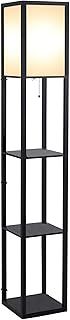 HOMCOM 3-Tier Floor Lamp, Floor Light with Storage Shelf, Reading Standing Lamp for Living Room, Bedroom, Kitchen, Dining Room, Office, Dorm, 160cm, Black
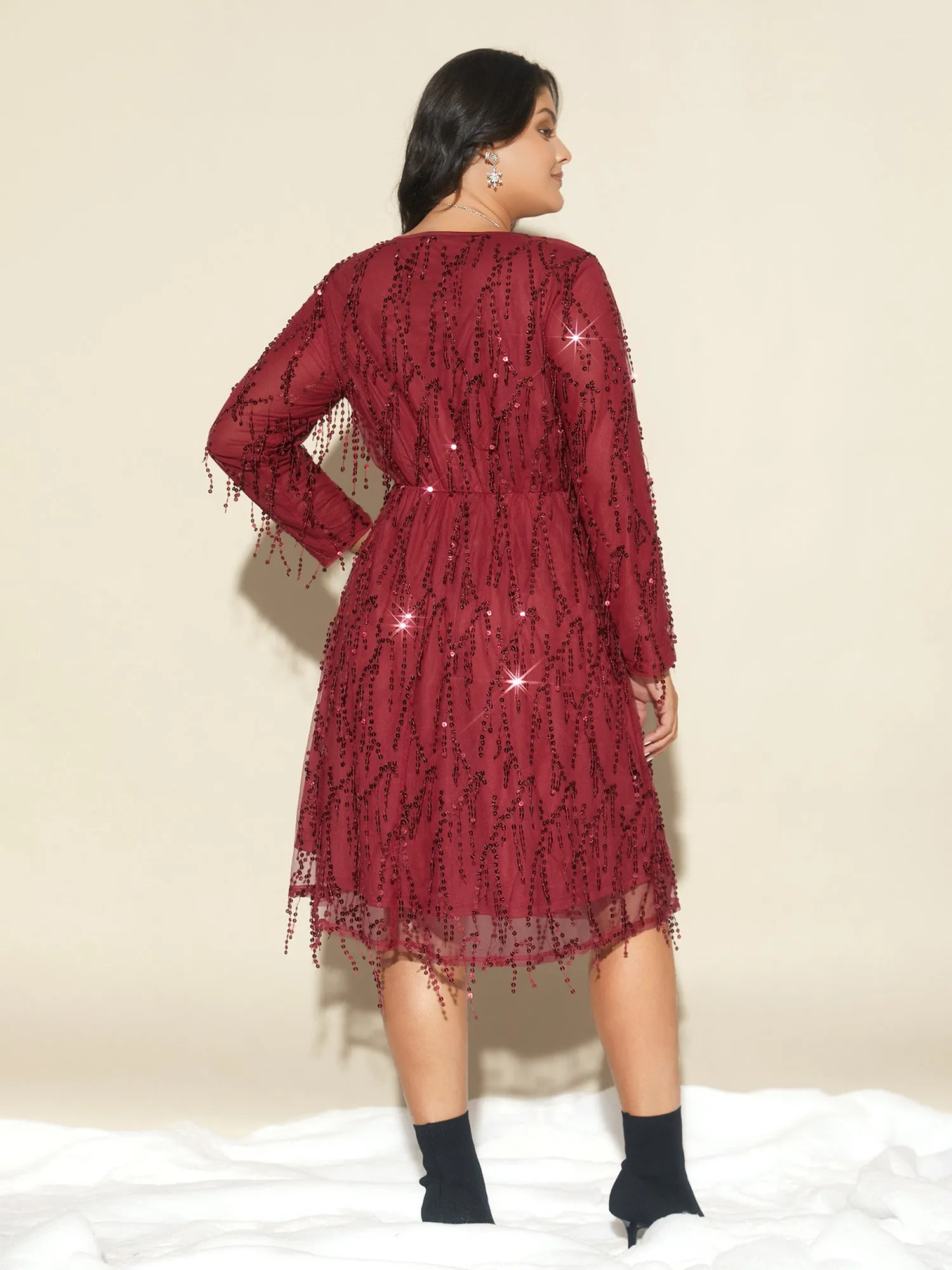 Sequin Fringe Detailing Elastic Waist Midi Dress sold by Bloomchic product image thumbnail 5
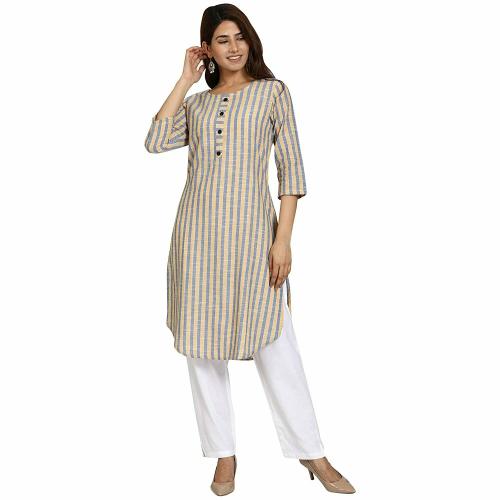 Buy AROOPA Women Mustard and Blue Striped Cotton Kurti Online at Best ...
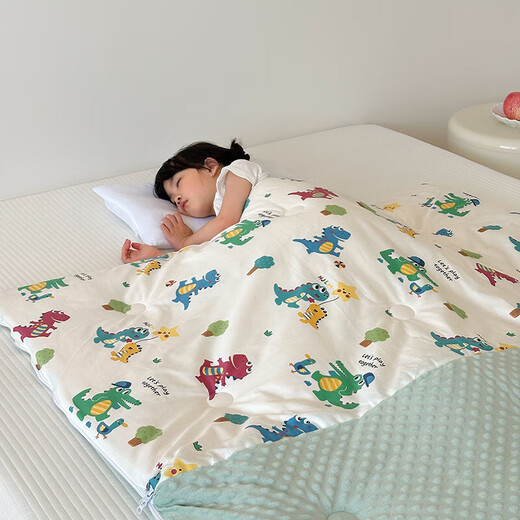 Cotton children's sleeping bag, baby quilt, spring and autumn dual-purpose kindergarten beanie anti-kick sleeping bag, universal for all seasons, wonderful dinosaur, skin-friendly and soft, 100*150+pillow core 30*75, winter style 6Jin Jin equals 0.5kg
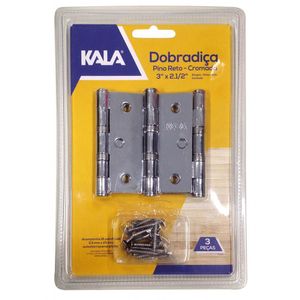 Dobradiça Pino Reto 3x2.1/2 Cromado 866946 Kala
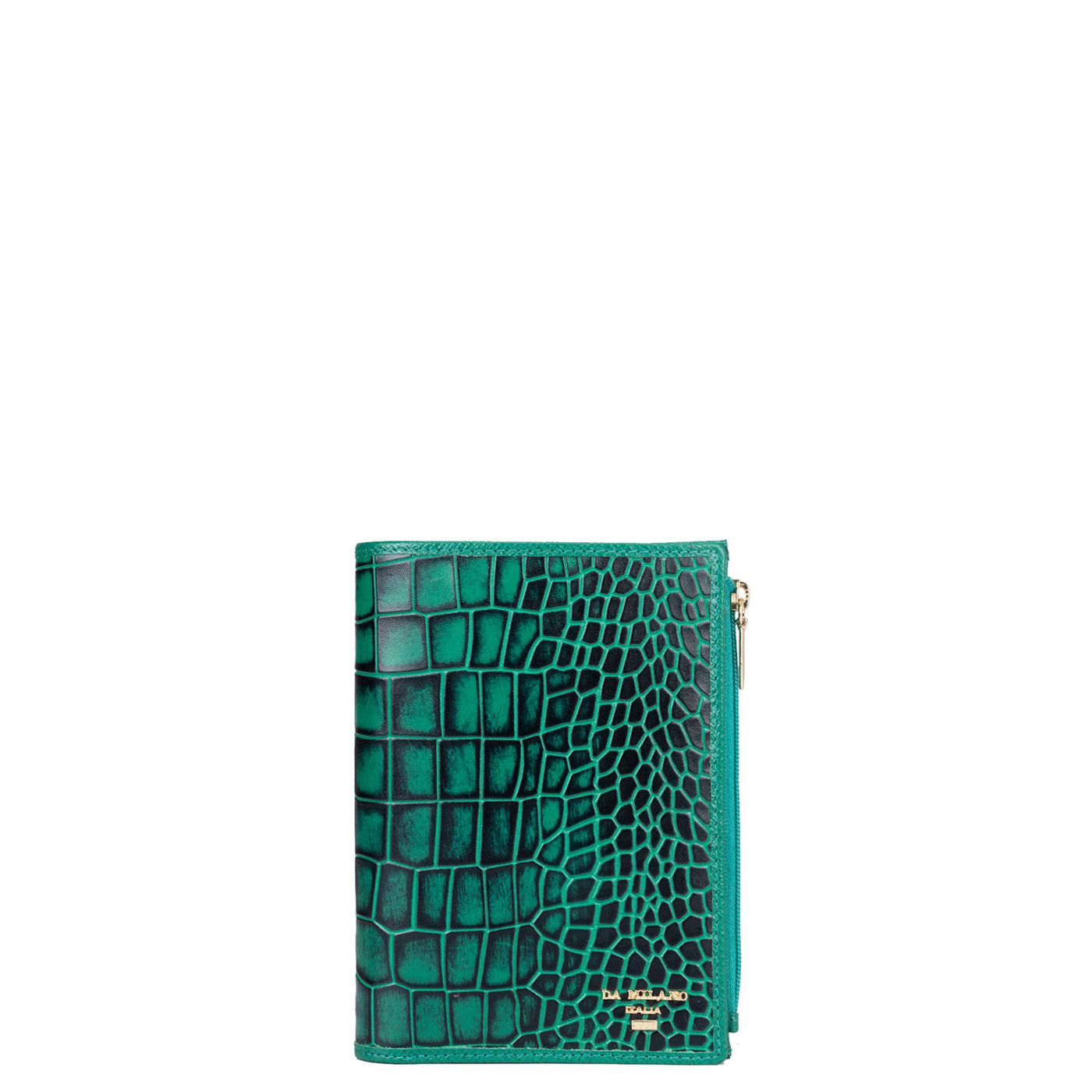 Croco Leather Passport Case - Green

» Assigned task
Your task is to repeat exactly the lines from the beginning of the data to the line that contains "Buy AROOPA Women", both ends included, leaving out pictures.

» Answer area
 HOMCOM 3-Tier Floor Lamp, Floor Light with Storage Shelf, Reading Standing Lamp for Living Room, Bedroom, Kitchen, Dining Room, Office, Dorm, 160cm, Black
 Sequin Fringe Detailing Elastic Waist Midi Dress sold by Bloomchic product image thumbnail 5
 Buy AROOPA Women Mustard and Blue Striped Cotton Kurti Online at Best ...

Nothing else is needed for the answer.